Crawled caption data
---*---

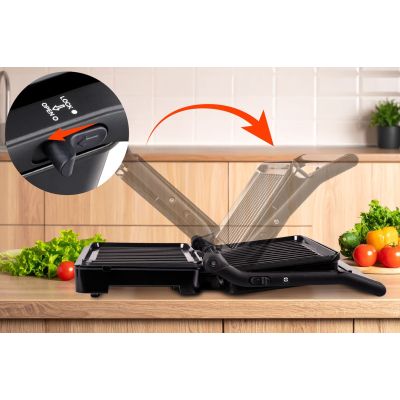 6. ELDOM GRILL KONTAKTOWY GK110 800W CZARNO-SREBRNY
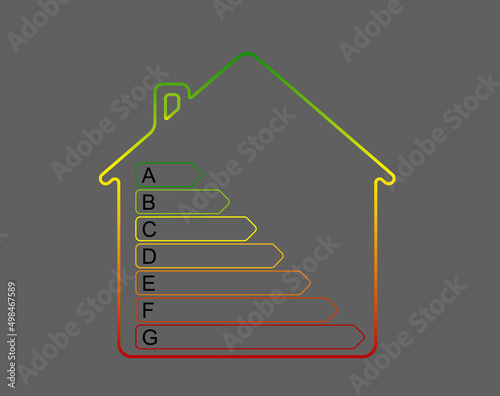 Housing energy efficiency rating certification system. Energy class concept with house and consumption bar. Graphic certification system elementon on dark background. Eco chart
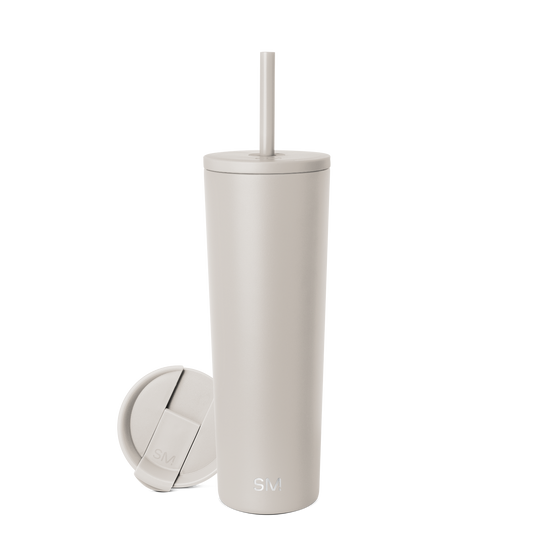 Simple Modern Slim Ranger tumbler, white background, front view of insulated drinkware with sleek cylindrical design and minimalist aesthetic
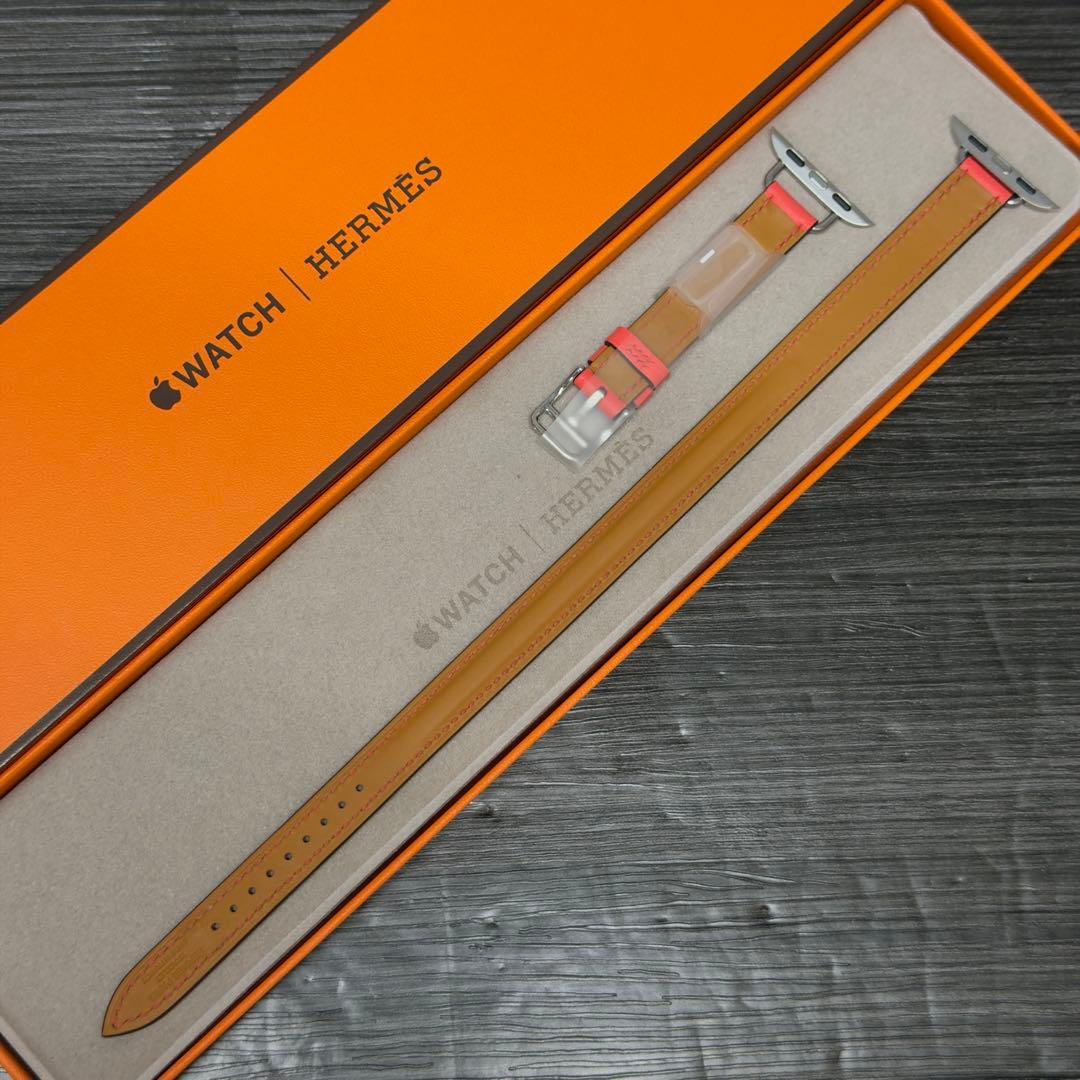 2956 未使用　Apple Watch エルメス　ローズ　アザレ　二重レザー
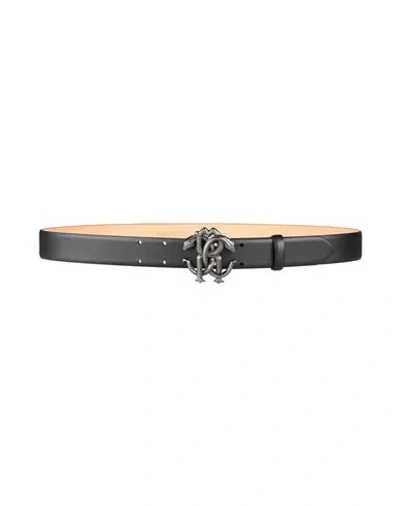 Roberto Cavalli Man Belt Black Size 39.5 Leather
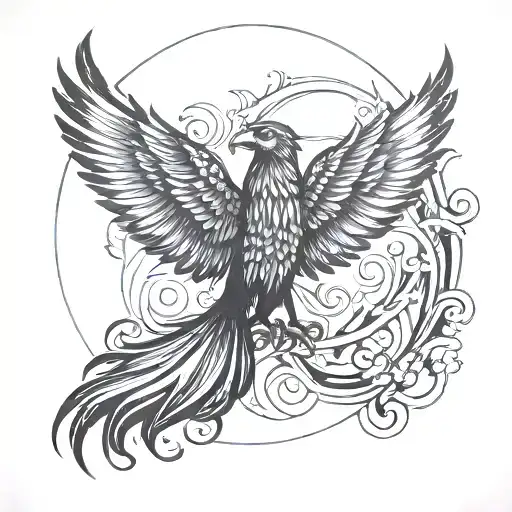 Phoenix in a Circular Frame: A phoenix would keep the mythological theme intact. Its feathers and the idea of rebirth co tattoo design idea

---*---

▶ [BRIEF]
Could the entries above be copied out exactly, with no pictures included?

▶ [EXERCISE ANSWER]
 6. ELDOM GRILL KONTAKTOWY GK110 800W CZARNO-SREBRNY
 Housing energy efficiency rating certification system. Energy class concept with house and consumption bar. Graphic certification system elementon on dark background. Eco chart
 Simple Modern Slim Ranger tumbler, white background, front view of insulated drinkware with sleek cylindrical design and minimalist aesthetic
 2956 未使用　Apple Watch エルメス　ローズ　アザレ　二重レザー
 Roberto Cavalli Man Belt Black Size 39.5 Leather
 Phoenix in a Circular Frame: A phoenix would keep the mythological theme intact. Its feathers and the idea of rebirth co tattoo design idea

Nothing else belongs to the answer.